**Records for the exercise:**
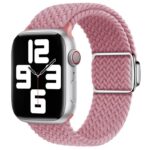 アップルウォッチ バンド ナイロンバンド Apple Watchバンド apple watch 44mm 45mm 46mm 49mm ULTRA ナイロン ベルト AppleWatchベルト スポーツバンド  全13色 SKU:AC04302026016 - 画像 (8)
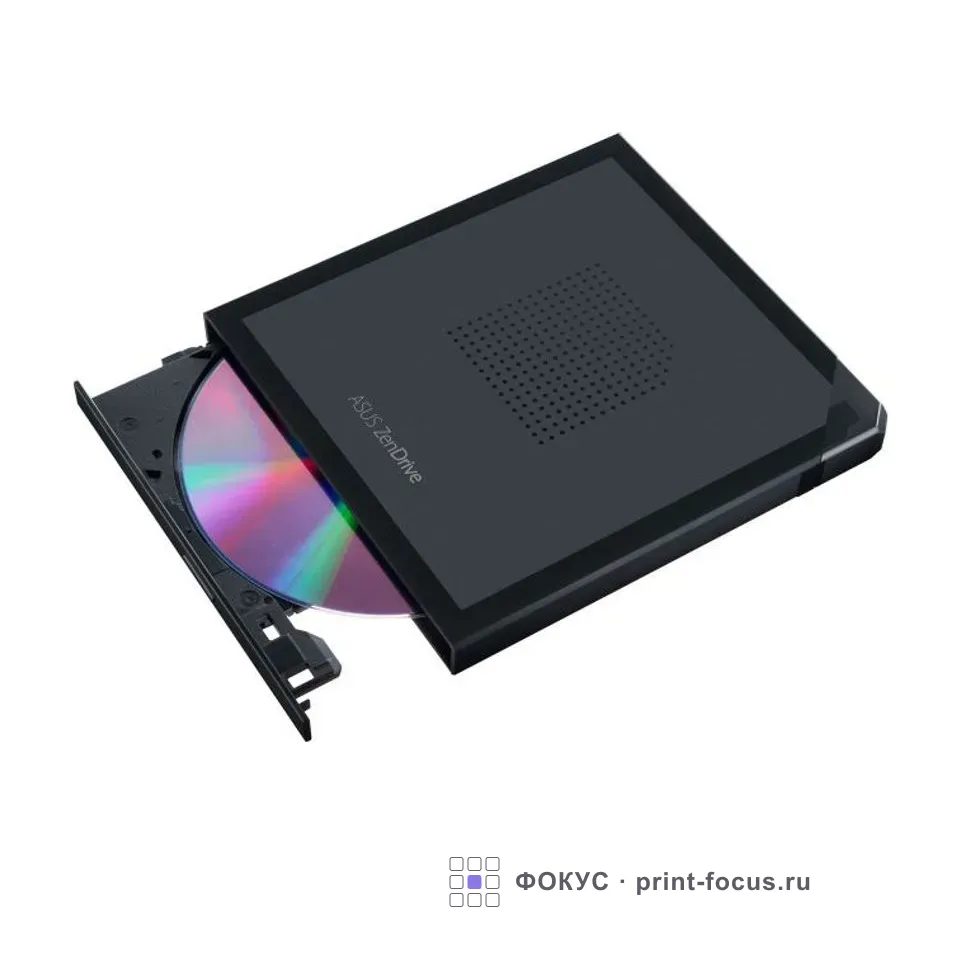 ASUS SDRW-08V1M-U/BLK/G/AS, артикул 90DD02L0-M29000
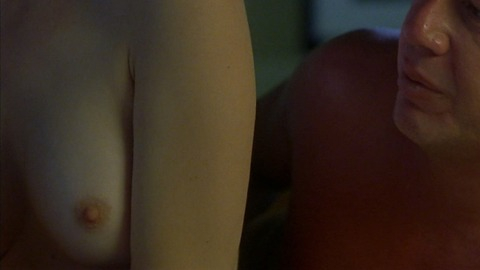 Pic: Judy Greer in What Planet Are You From?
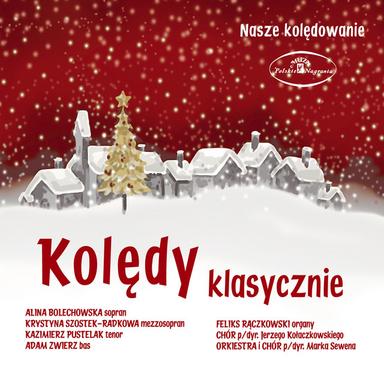 Kołysanka Marii Panny
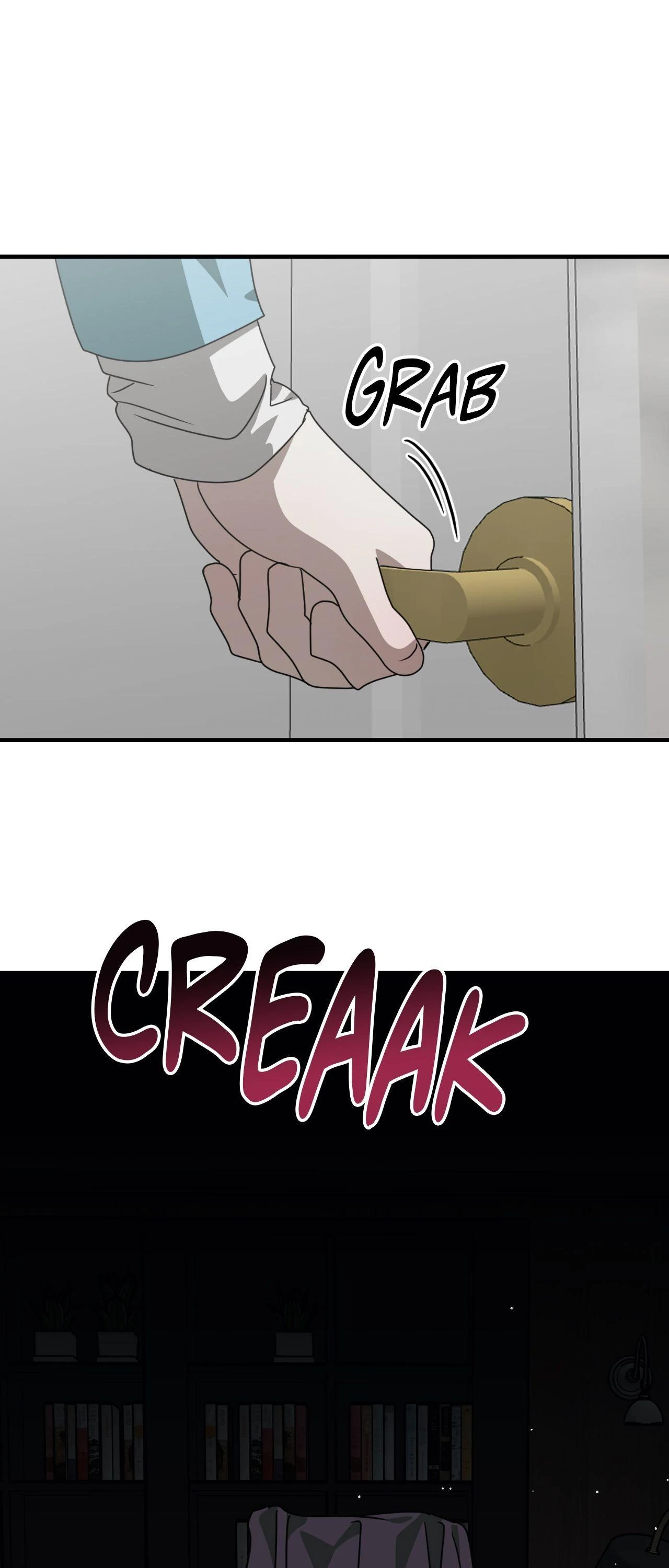 Past Friendship (Official) - Chapter 59 manhwa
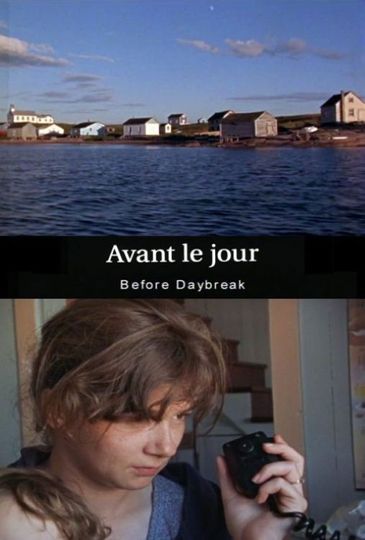 Avant le jour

**Aim of the exercise:**
Give back each entry verbatim but drop its pictures.

**Expected output:**
 アップルウォッチ バンド ナイロンバンド Apple Watchバンド apple watch 44mm 45mm 46mm 49mm ULTRA ナイロン ベルト AppleWatchベルト スポーツバンド  全13色 SKU:AC04302026016 - 画像 (8)
 ASUS SDRW-08V1M-U/BLK/G/AS, артикул 90DD02L0-M29000
 Pic: Judy Greer in What Planet Are You From?
 Kołysanka Marii Panny
 Past Friendship (Official) - Chapter 59 manhwa
 Avant le jour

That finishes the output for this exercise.